Crowdsourcing done well has a bit of a “have your cake and eat it too” quality to it because it benefits both cultural institutions and the members of the public who volunteer their time. For cultural institutions or research projects, crowdsourcing offers a way to get work done that is either too burdensome for staff or that cannot be done well (or at all) by computers. These projects also bring attention to collections and connect participants to the work of the institution in a meaningful way. Contributors, rather than feeling exploited for all the free labor they are providing, instead tend to feel that they are engaged in work with social value that is often of personal interest. Some develop their skills through crowdsourcing and for some, working on these projects seems to become a hobby, or even an obsession.
Recruiting the public to help is particularly valuable for well-defined, time-consuming tasks that require a human touch. Crowdsourcing is ideal for transcription projects, where contributors can create a typed transcript of a digitized handwritten document. It works well for correction projects, where members of the public can look at the work done by a computer—transcribing text or maps for example—and can correct computer errors. It also offers an excellent format for tagging projects, where users are asked to tag an object based on its content. All of this work makes digital objects more discoverable and searchable so they can be used more effectively in research and it allows editors or administrators to spend their time on tasks that require more expertise, like checking the work done by volunteers for accuracy before making it widely available in a digital collection.

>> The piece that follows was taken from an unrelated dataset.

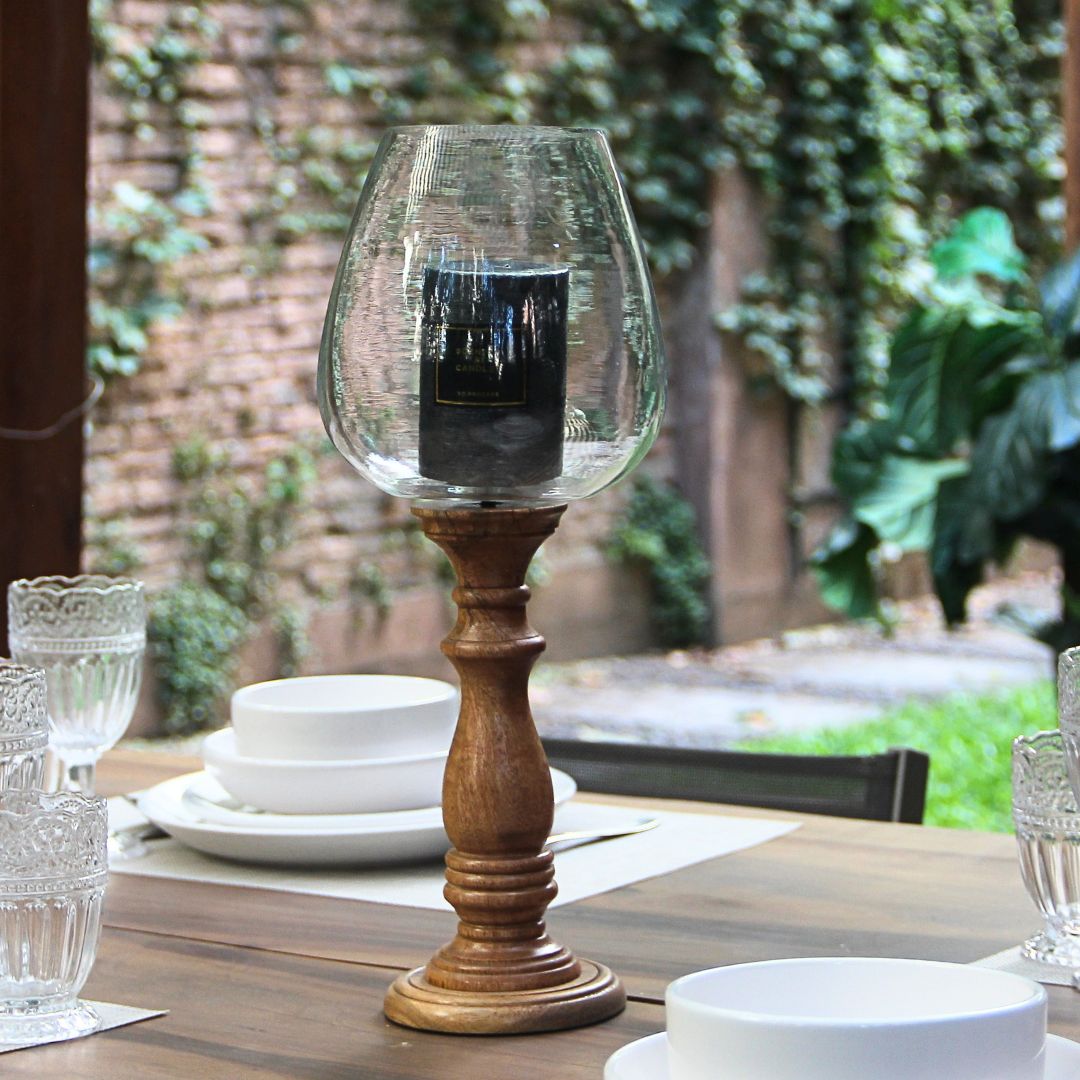 Portavela Manali Grande 55 cm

Based on my (admittedly limited) time contributing to several crowdsourced projects, the aspects that seemed most important to a project’s success were:
- The ability to get started with only the most minimal instruction. A single page of guidelines or short video that explains the work was useful, but users will likely be discouraged if they feel they have to undergo a lengthy training in order to participate.

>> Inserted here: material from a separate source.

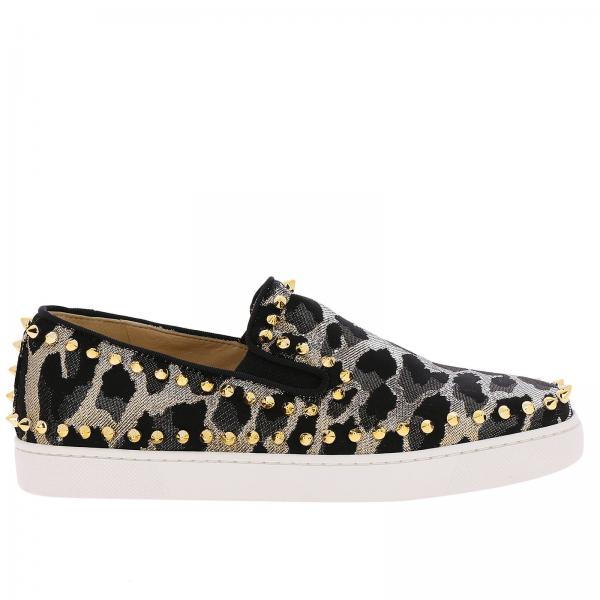 louboutin sneakers dames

- A truly easy to use interface. In a transcription project, for example, users need to be able to magnify sections of a document, to quickly shift the position of the document, and to enter their transcription directly into a text box on the same screen as the document. Being able to save work in progress is also important in encouraging visitors to return to the site to keep working on unfinished tasks.
- Giving contributors the ability to have some choice about the work they undertake (which documents they want to work on, for example). From my experience, working If users cannot choose the subject of their work, then the interface would do well to make the work something like a game so the contributor will be drawn in to the work.

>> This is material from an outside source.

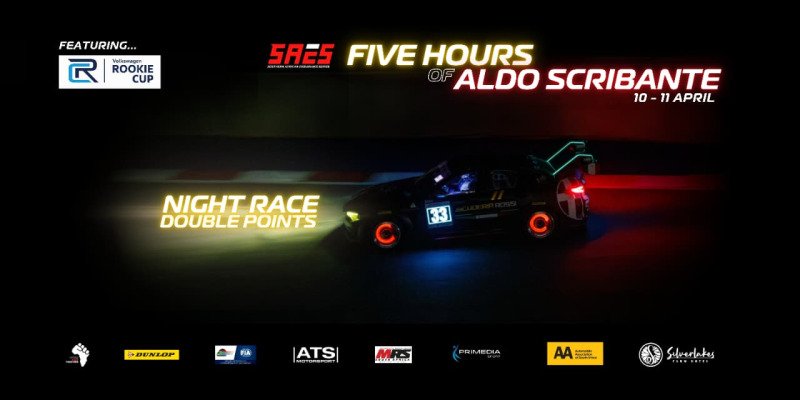 Five Hours of Aldo Scribante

- Acknowledging the work of contributors in some way so that they feel valued and seen.
Crowdsourced projects do need to expend time and energy in making people aware of the project so they will visit the site. Most also build in some safeguards to check the work done by the public before it is considered complete.
They do not, however, need to worry too much about tailoring tasks to the interests of a broad public. In nearly every crowdsourced project, a handful of top contributors does the vast majority of the work. What crowdsourcing does remarkably well, then, is to bring together a cultural institution with members of the public who are committed to their project or who have a deep personal interest in the material. Casual contributors may come away with a better sense of a project or a deeper interest in an institution, but it is the most avid contributors who really allow crowdsourced projects to live up to their most basic goal: to outsource work that would typically be done by employees to the general public.